But I waited and waited
and after about forty minutes no train had come (by some miracle).
During that time my mind began to wander, I thought of some of my old
hometown friends, I began to think how much they'd be upset by having
to come by and ID my body (during my research into suicide I saw no
shortage of police photos of what trains did to a human body) and
slowly my mind began to reconsider. Finally I got up, walked back up
to the road and continued walking home. Minutes later a train went
by.
This period of on and off mental
fog lasted all of that fall. But the fog was interspersed by flashes
of brilliance still. I started my neuroscience blog then. I was still
writing to scientists around the world looking for answers and,
miracle of miracles, some of them wrote back and engaged me in great
discussions (Steven Pinker, Jon Lieff among them, both of whom
answered me with very useful information). I watched online lectures
on neuroscience, gained more great insight and wrote great pieces on
that.
Then it'd all go blank
again and I'd spend days just staring out the window.
I literally had no idea
what my mind was going to be capable of on a given day during that
fall. Brilliant? Catatonic? Suicidally obsessed? In rollicking good
humour?
I described that period
to friends as my mind being like the apartment of a blind person and
every day you move the furniture on them and so each day the blind
person has to find their way around the new lay out and get used to
it. That's exactly how my mind was then – every morning I'd have to
feel my way around my mind and learn what it was going to be like
that day.
At some point in early
December of that year I entered the dreaded “mixed episode”. This
is when the bipolar mind is in the grips of dark, dark thoughts and
thinking and suicidal obsession, all the sort of things associated
with depression, ALONG WITH the high powered energy of mania. It is
lethal combination. My mind got more wildly and wildly dark and
obsessed. I went two weeks without sleeping. All my mind did was plan
my final days, method of death and final preparations. At some point
I wrote my Visions for the Future of Mental Health Care post, the basis for which I wanted to leave behind as my legacy.
Somehow friends and
family were made aware and notified and again I went into the psyche ward. And that's where I closed out a very wild 2013.
Altogether in 2013 I
wrote somewhere around 400,000 words in various blogs, book
manuscripts and hundreds pages of notes of all kinds, not
to mention dozens and dozens of long emails sent to god knows how
many recipients. Meanwhile, I read – I estimated once – somewhere
close to two million words of highly advanced neuroscience, papers on
psychiatric disorders and drugs, dozens of books on science, essays
of all kinds – all of it on subjects I'd never thought about or
read about in my life.
January through March of
2014 were the worst in many ways. My mind was really shot by this time, now fully being hammered by the effects of an entire year of mania, hypomania, rapid cycling and a horrendous mixed episode. I couldn't
read, I couldn't think, I couldn't write, I couldn't move, I couldn't
do anything. Day after day after day I just stared out the window or
laid in bed. Sometimes I went for walks. Sometimes friends would come
to visit.
I have virtually no
memory of anything during those three months. It's almost as if it
didn't exist, as if I was in a coma. I remember a few certain things.

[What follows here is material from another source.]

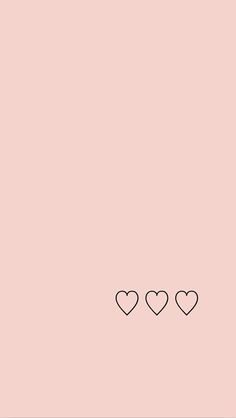 three hearts on a pink background with the word love spelled in black font above them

Some friends gave me a very sweet and moving birthday party.
Actually, that's the only event I can remember. I tried, as well as I
could, to practice something from my Positive Difference
Making Fundamentals each day. I listened to a LOT of music. That I
can remember. I'm pretty sure I'd be dead if it weren't for Vivaldi,
Mozart, Glenn Gould, Miles Davis, Dave Brubeck, John Coltrane and
Bill Evans. I can recall starting work on mindfulness cognitive
behaviour therapy.
Somewhere in that three
month stretch to start 2014 I ended up planning suicide again. It was
just unbearable to me. During the previous six years I'd lost
everything I'd ever created in my life (all life savings, ownership
of my condo, family, friends, the ability to work and earn money).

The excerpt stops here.